I’ve met so many people who had a solid safety net. Unfortunately, the majority of them never took full advantage of that and they never did reach their full potential. I don’t even mean they never turned into a successful person. What I mean is they never realized how great they could be because they were never challenged enough to where they had to find out.
On the other hand, I’ve watched people who have had to fight against the current, reach heights that have made me cry tears of joy from being so proud of them and the fact that they never gave up…and it was all worth it.
The thing I love most about cheering people on when they can’t see their full potential is that you get to say the most beautiful version of “I told you so” when they reach their mountaintops. It may be one of my favorite things ever, actually.
The thing is, it doesn’t matter to me whether someone had support or not, it’s what they did with whatever they had that truly matters. None of us can help whether or not we have support. We can be angry or bitter or jealous at those who do. We can look down on those who are constantly working through setbacks that were never their fault. We can decide if we want more. We can decide if we’ll let it all defeat us.
No matter where you fall in these categories, you still have mountaintops waiting for you. They are yours and yours alone. Even if you feel like someone reached yours before you could get there, that’s not the way it works. Yours will always be waiting for you to decide you want to get there.
I think this is how we find out who we are. We find out by taking a look at how we use our resources to help others. I don’t necessarily mean money. We all have resources to help others. It’s almost like we all have our own toolbox and God knew exactly what to pack in each one because He knew exactly who’d we meet along the way.
For some, maybe it is money they use to help others. For others, maybe it’s kindness. Maybe it’s cheering them on when they feel like giving up on their mountaintop dreams. Maybe it’s showing someone how they deserve to be talked to, how they deserve to be loved, or even the one who helps them to be able to see the next step they should take to get them to where they belong.
So, forget all of the words ever spoken to you to that made you feel less than. Forget every photo you have ever seen that made you feel less than. Forget about the times you may have been treated differently because you did have a safe place to land, which helped springboard you to your mountaintop. Forget about the fact that it has/is taking you longer to get there because you didn’t have traditional help.
All you need to remember is that if you are fortunate and you are reaching back to throw someone rope out of your toolbox, you are helping people. Again, it doesn’t have to be money. It could be a million other things like your time, your encouragement, even helping them get their next job or introducing them to someone you know has the tools they may need. If you are the one needing to grab onto that rope, you are still helping people because they see you not giving up. They see you accepting help along the way from those put in your path with the tools just for you.
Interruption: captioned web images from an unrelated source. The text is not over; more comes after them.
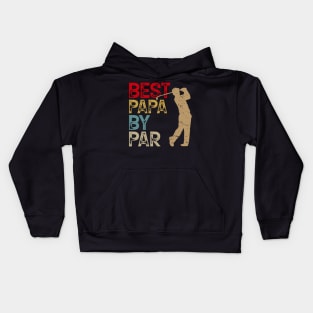 Funny Best Papa By Par Father's Day Golf Shirt Gift Grandpa Kids Hoodie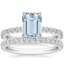 18KW Aquamarine Amelie Diamond Bridal Set, smalltop view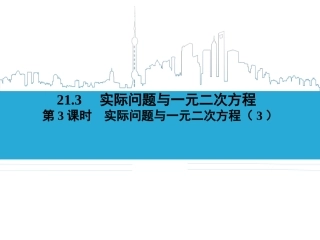 实际问题与一元二次方程（）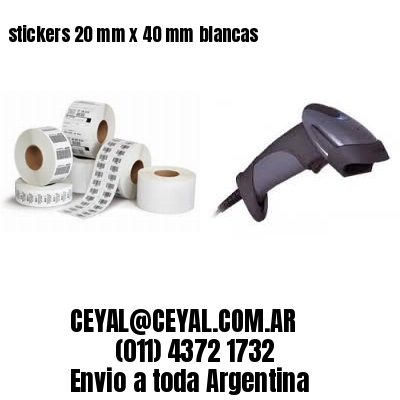 stickers 20 mm x 40 mm	blancas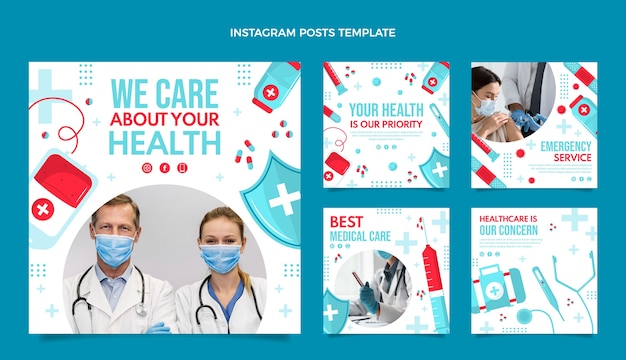 flat design medical instagram post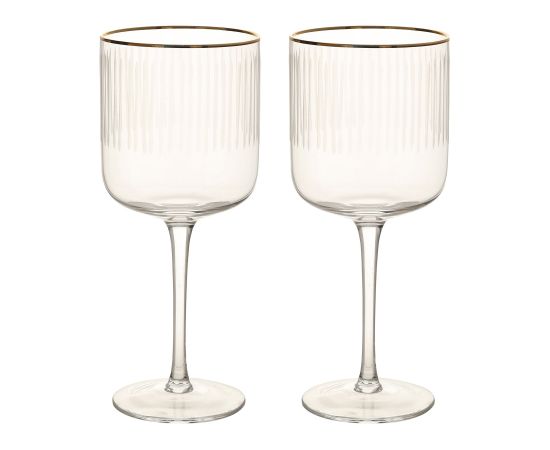 Wine glasses GOLD RIM 2pcs H19,7cm, 400ml
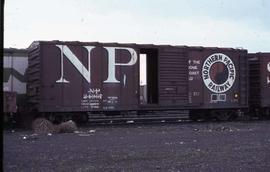 Northern Pacific box car 24367 at Pasco, Washington, in 1981.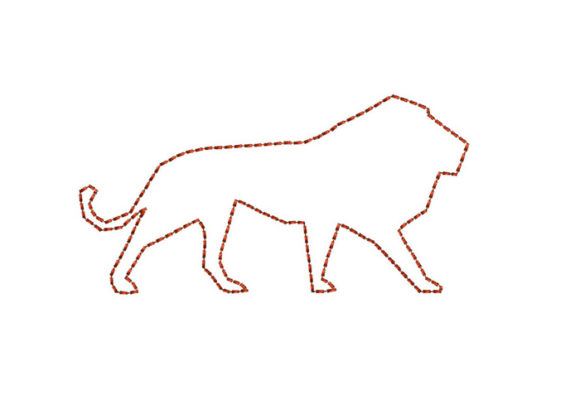 Lion Bean Stitch Embroidery Review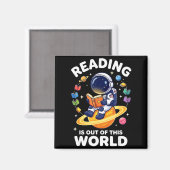 楽しい宇宙の読書はこの世のものではない本 マグネット (正面/裏面)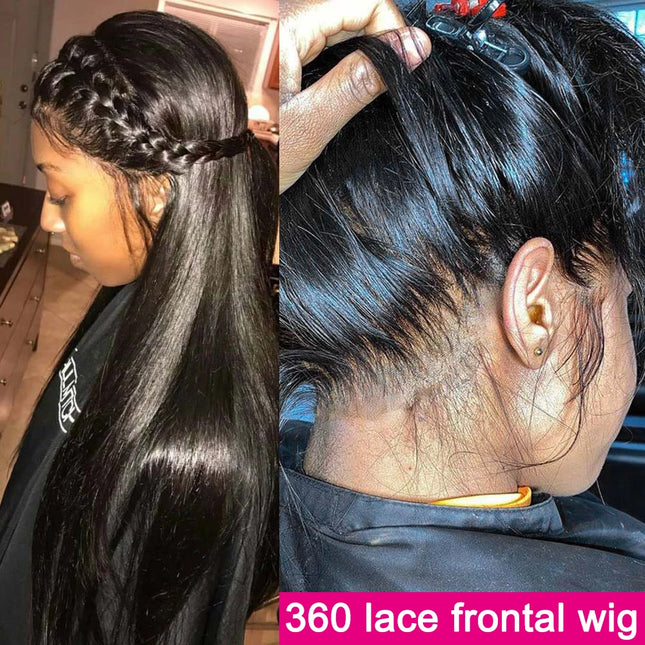 13x4 Bone Straight Lace Front Wig 13x6 HD Transparent Brazilian 30 40 Inch Human Hair Wigs For Black Women 360 Lace Frontal Wig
Use your toolbox. It’s kind of the gift that keeps on giving and when you’re all done here, most of the people you helped will then have their own tools to continue passing along the help.
We’re all trying to reach our own summit, right? They are all different heights and we all have different lessons to learn along the way. We all have talents and gifts we can use to help. I think they get multiplied when used for good.
The neatest thing about the journey is learning who we are. That is something you can only do with time.